▶ [Instructions to follow]:
Your job is to print, exactly, the lines in the data below from the line with "Life in the context of environment" through the line with "Chrysantème grosses fleurs", both included, and to omit any picture.

▶ [Input data]:
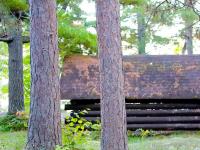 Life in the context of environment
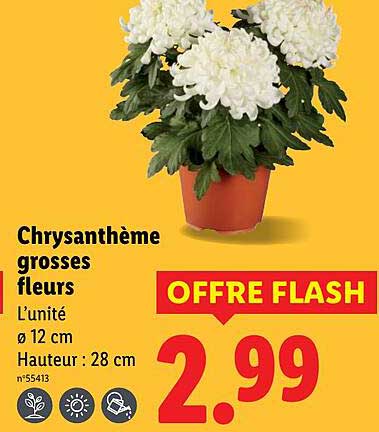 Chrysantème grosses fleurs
* * *
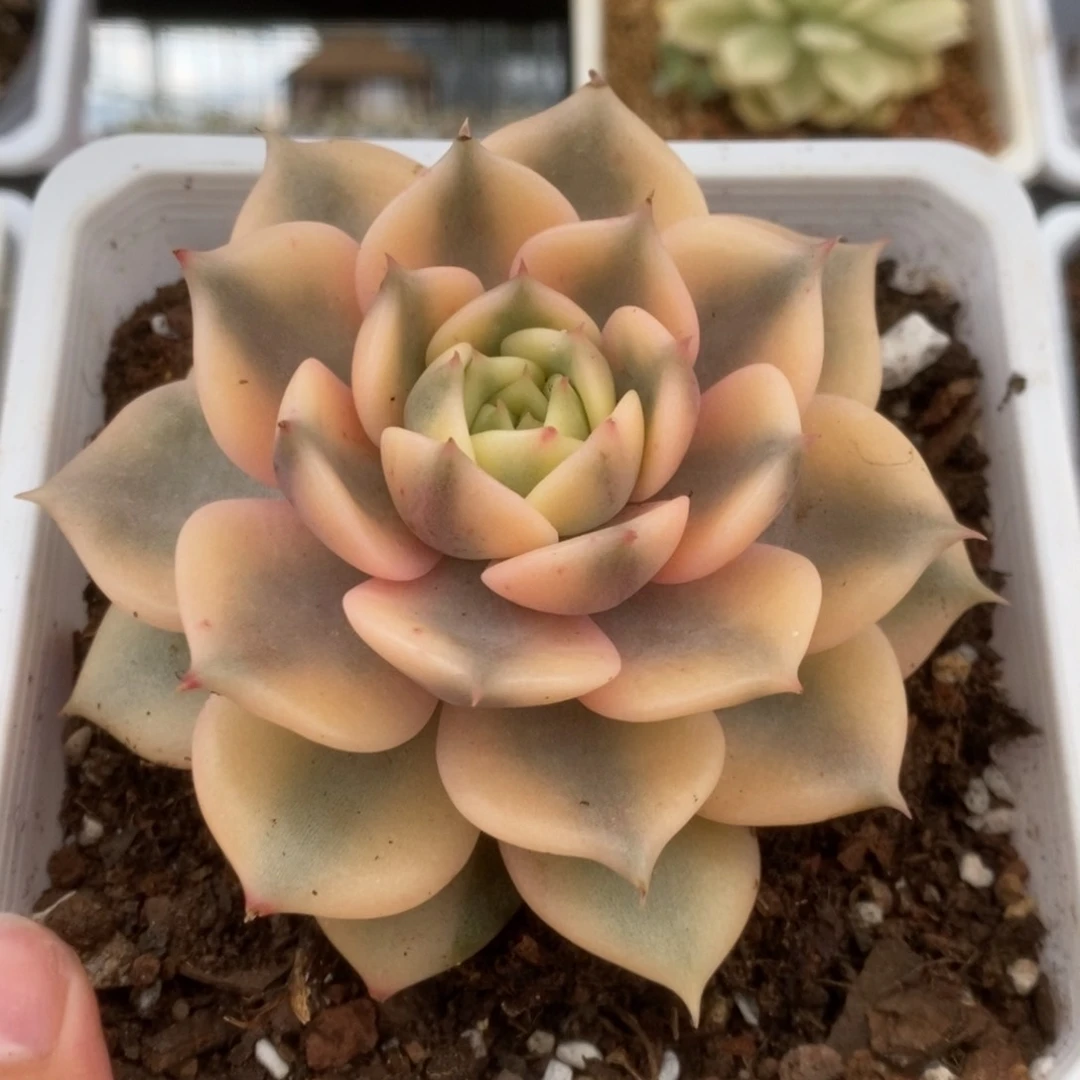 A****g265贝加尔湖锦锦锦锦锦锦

▶ [Solution for this problem]:
 Life in the context of environment
 Chrysantème grosses fleurs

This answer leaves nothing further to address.